Still plagued by "Agent communication error"

classic Classic list List threaded Threaded
4 messages Options
Reply | Threaded
Open this post in threaded view
|

Still plagued by "Agent communication error"

Martin Buchholz-3
We continue to see rare "Agent communication error" problems when running jtreg tests.
We believe something has gone wrong in the JDK under test, but we never get any details.
The failure is correlated with running specific tests, and specific JDKs.
Anecdotally, it appears to be more common with fastdebug JDKs.

A sample snippet:

TEST RESULT: Error. Agent communication error: java.net.SocketException: Broken pipe (Write failed); check console log for any additional details
Reply | Threaded
Open this post in threaded view
|

Re: Still plagued by "Agent communication error"

Alan Bateman
On 13/08/2019 23:39, Martin Buchholz wrote:

> We continue to see rare "Agent communication error" problems when
> running jtreg tests.
> We believe something has gone wrong in the JDK under test, but we
> never get any details.
> The failure is correlated with running specific tests, and specific JDKs.
> Anecdotally, it appears to be more common with fastdebug JDKs.
>
> A sample snippet:
>
> TEST RESULT: Error. Agent communication error:
> java.net.SocketException: Broken pipe (Write failed); check console
> log for any additional details
Are the agent VMs crashing? Maybe the fastdebug builds are hitting
asserts earlier than the crash with product bits. Have you looked at
hs_err logs or core files on the systems?

-Alan
Reply | Threaded
Open this post in threaded view
|

Re: Still plagued by "Agent communication error"

Martin Buchholz-3


On Tue, Aug 13, 2019 at 11:49 PM Alan Bateman <[hidden email]> wrote:
On 13/08/2019 23:39, Martin Buchholz wrote:
> We continue to see rare "Agent communication error" problems when
> running jtreg tests.
> We believe something has gone wrong in the JDK under test, but we
> never get any details.
> The failure is correlated with running specific tests, and specific JDKs.
> Anecdotally, it appears to be more common with fastdebug JDKs.
>
> A sample snippet:
>
> TEST RESULT: Error. Agent communication error:
> java.net.SocketException: Broken pipe (Write failed); check console
> log for any additional details
Are the agent VMs crashing? Maybe the fastdebug builds are hitting
asserts earlier than the crash with product bits. Have you looked at
hs_err logs or core files on the systems?

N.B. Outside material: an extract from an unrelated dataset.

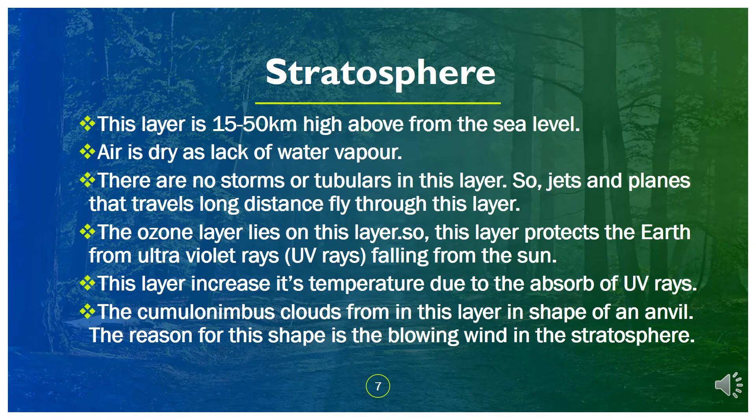The stratosphere is 15 to 50 kilometers high above sea level. Air is dry due to lack of water vapor. There are no storms or turbulence in this layer, so jets and planes that travel long distances fly through this layer. The ozone layer lies in this layer, so it protects the Earth from ultraviolet rays from the sun. This layer increases its temperature due to the absorption of UV rays. Cumulonimbus clouds from the troposphere form an anvil shape due to the blowing wind in this layer.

It's not so easy for us to get hs_err log files; we only get jtreg stdout/stderr.
While we could/should improve our infrastructure ...
jtreg provides helpful diagnostics in other cases, e.g. thread dump on test timeout, so it would be good to be helpful even when communication with the agent breaks down.  Maybe jtreg should use one of those VM flags to get agent VMs to send failure data to stderr?
 
Reply | Threaded
Open this post in threaded view
|

Re: Still plagued by "Agent communication error"

Martin Buchholz-3
Here's another way to look at it:  We have a failure to communicate with an agent process. That's probably a subprocess.  It probably died with some serious error, a hotspot crash or OOM.  Probably the agent process printed something helpful to stderr before it terminated.  What happened to that output?  The failure is probably related to whatever test it was supposed to be running at the time, so I'd want that information in e.g. the jtr file.

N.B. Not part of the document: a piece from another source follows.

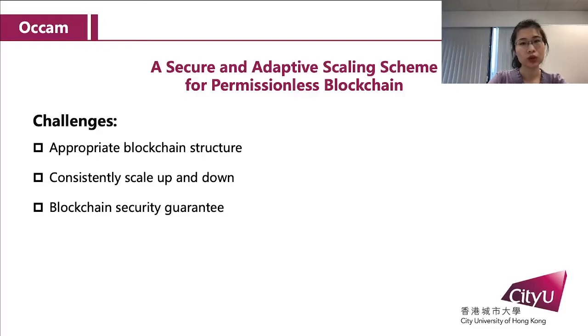So we propose Alchem, a secure and adaptive scanning scheme for permissionless blockchain. But there are three main challenges. First, we need an appropriate structure. Second, nodes scale up and down transactions through ports while achieving consensus. Third, we must guarantee the security of the blockchain.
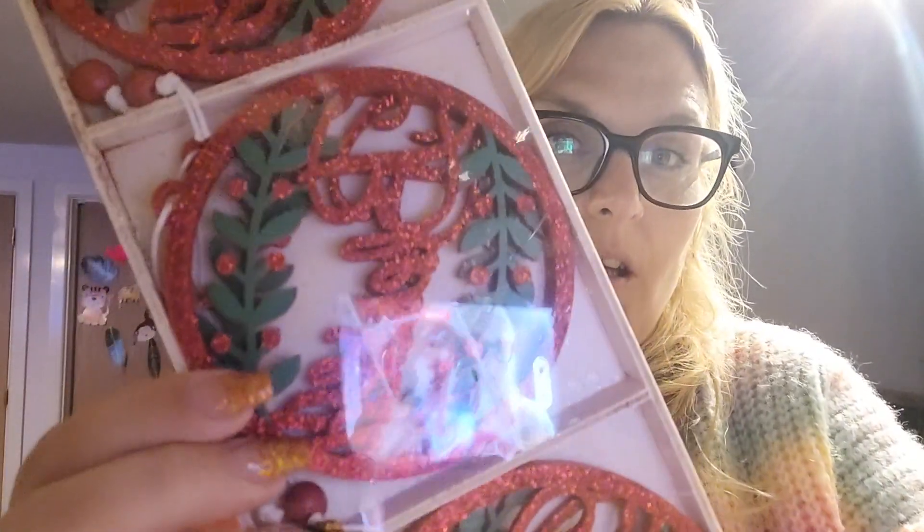Jumping from Halloween back to Christmas — I got these. I thought these were very pretty: sparkly red, they look a lot more expensive than they were — super cheap. They say 'Merry,' 'Blessed,' 'Peace,' and things like that. I know they're not everyone's taste, but I very much like traditional decorations and we have a bit of an eclectic mix on our tree.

On Wed, Aug 14, 2019 at 12:28 AM Martin Buchholz <[hidden email]> wrote:


On Tue, Aug 13, 2019 at 11:49 PM Alan Bateman <[hidden email]> wrote:
On 13/08/2019 23:39, Martin Buchholz wrote:
> We continue to see rare "Agent communication error" problems when
> running jtreg tests.
> We believe something has gone wrong in the JDK under test, but we
> never get any details.
> The failure is correlated with running specific tests, and specific JDKs.
> Anecdotally, it appears to be more common with fastdebug JDKs.
>
> A sample snippet:
>
> TEST RESULT: Error. Agent communication error:
> java.net.SocketException: Broken pipe (Write failed); check console
> log for any additional details
Are the agent VMs crashing? Maybe the fastdebug builds are hitting
asserts earlier than the crash with product bits. Have you looked at
hs_err logs or core files on the systems?

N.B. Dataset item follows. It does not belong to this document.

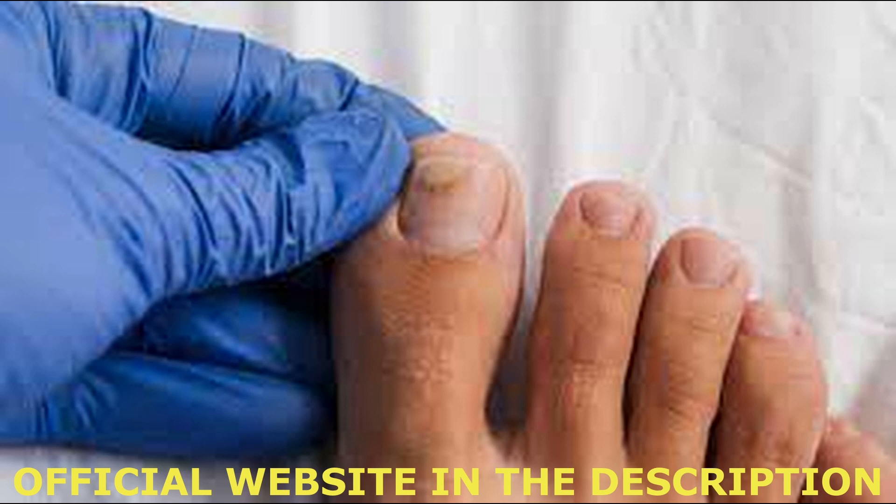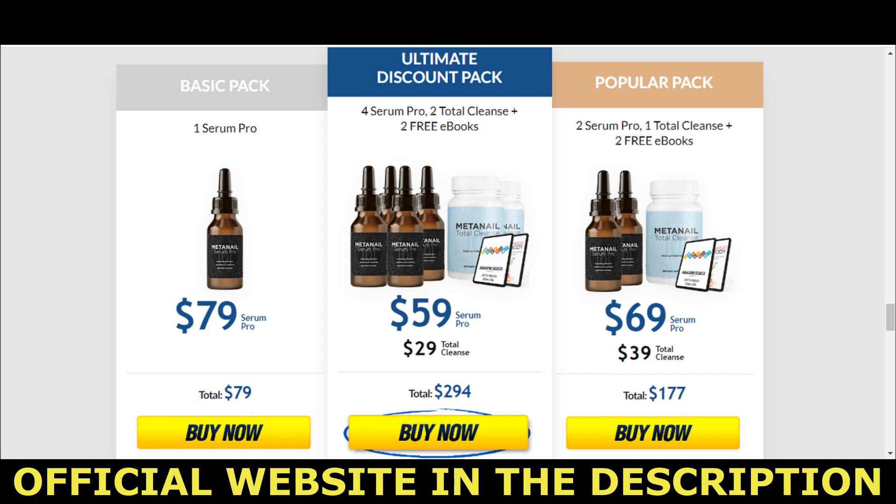Now I have the most important warning to give you: due to the great success of this product, many malicious companies end up counterfeiting and selling the pirated product, and we know that this can be very harmful for you. Be very careful not to waste your money. Buy only through the official website of the product. To help you, I left the official website link pinned in the first comment and also in the description of this video.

It's not so easy for us to get hs_err log files; we only get jtreg stdout/stderr.
While we could/should improve our infrastructure ...
jtreg provides helpful diagnostics in other cases, e.g. thread dump on test timeout, so it would be good to be helpful even when communication with the agent breaks down.  Maybe jtreg should use one of those VM flags to get agent VMs to send failure data to stderr?